> **PROBLEM**
Skip the pictures and repeat each line of the data exactly.

> **DATA SHOWN**
========

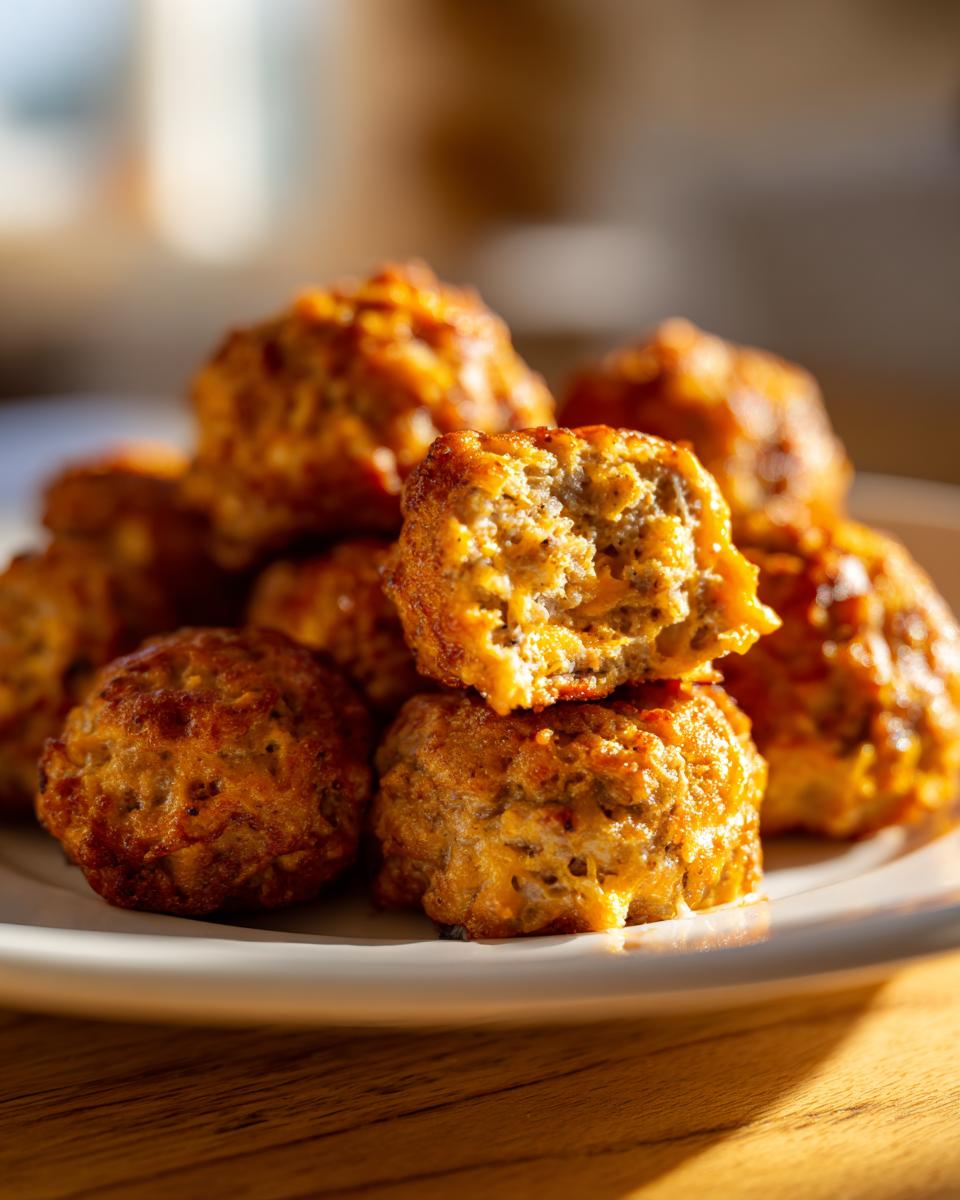 A close-up of golden brown rotel cream cheese sausage balls piled on a white plate, one is broken open showing the interior.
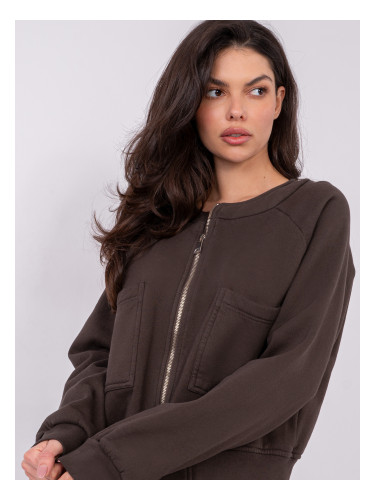 Дамски суитшърт без качулка, тъмнокафяв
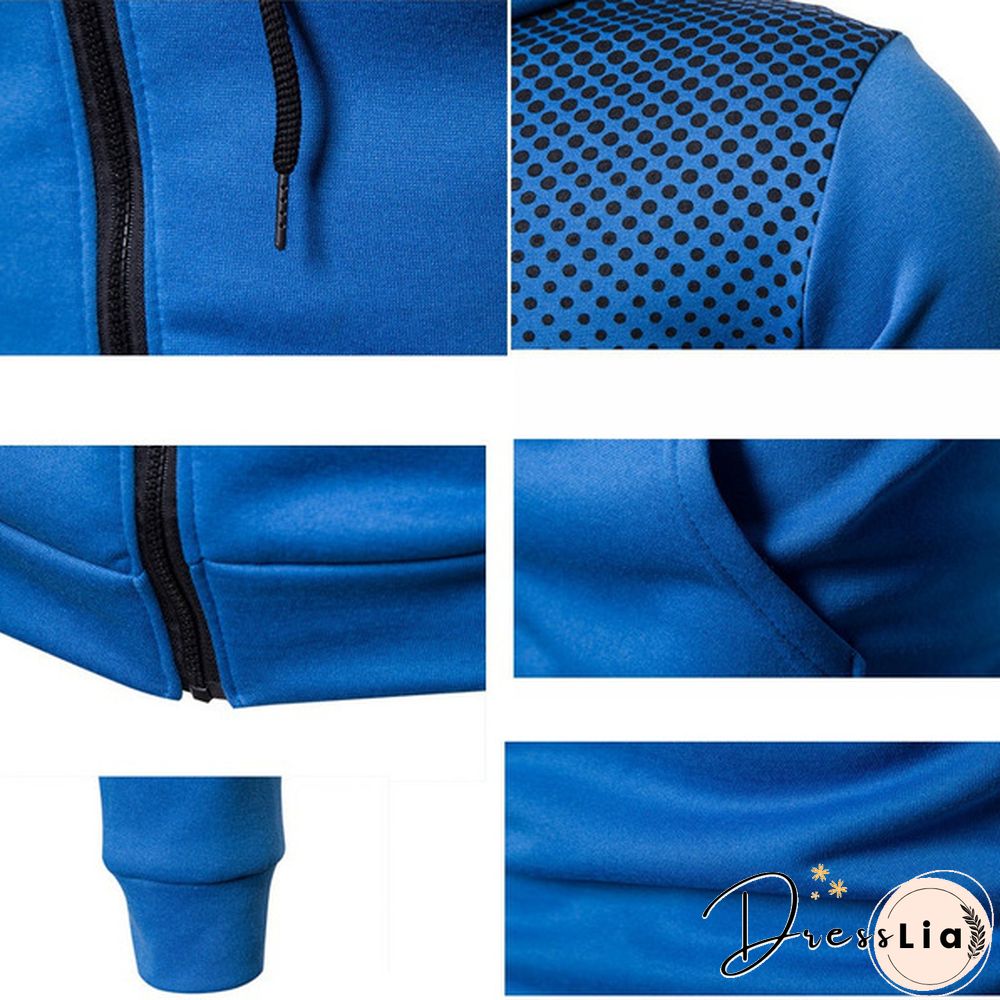 Brand Mens Printed Jacket & Trousers Two Piece Suit Sports Shirt Personalized Fitness
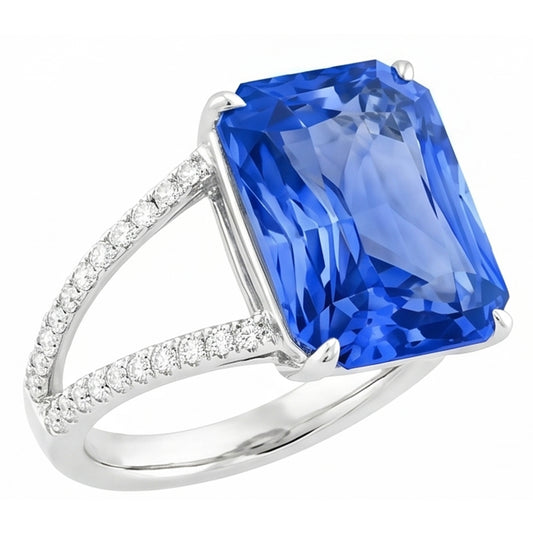 Edelsteinring Strahlend blauer Saphir mit geteiltem Schaft runder Natürlicher Diamant ( nicht im Labor gezüchtet ) 5 Karat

========

> **TASK ANSWER**
 A close-up of golden brown rotel cream cheese sausage balls piled on a white plate, one is broken open showing the interior.
 Дамски суитшърт без качулка, тъмнокафяв
 Brand Mens Printed Jacket & Trousers Two Piece Suit Sports Shirt Personalized Fitness
 Edelsteinring Strahlend blauer Saphir mit geteiltem Schaft runder Natürlicher Diamant ( nicht im Labor gezüchtet ) 5 Karat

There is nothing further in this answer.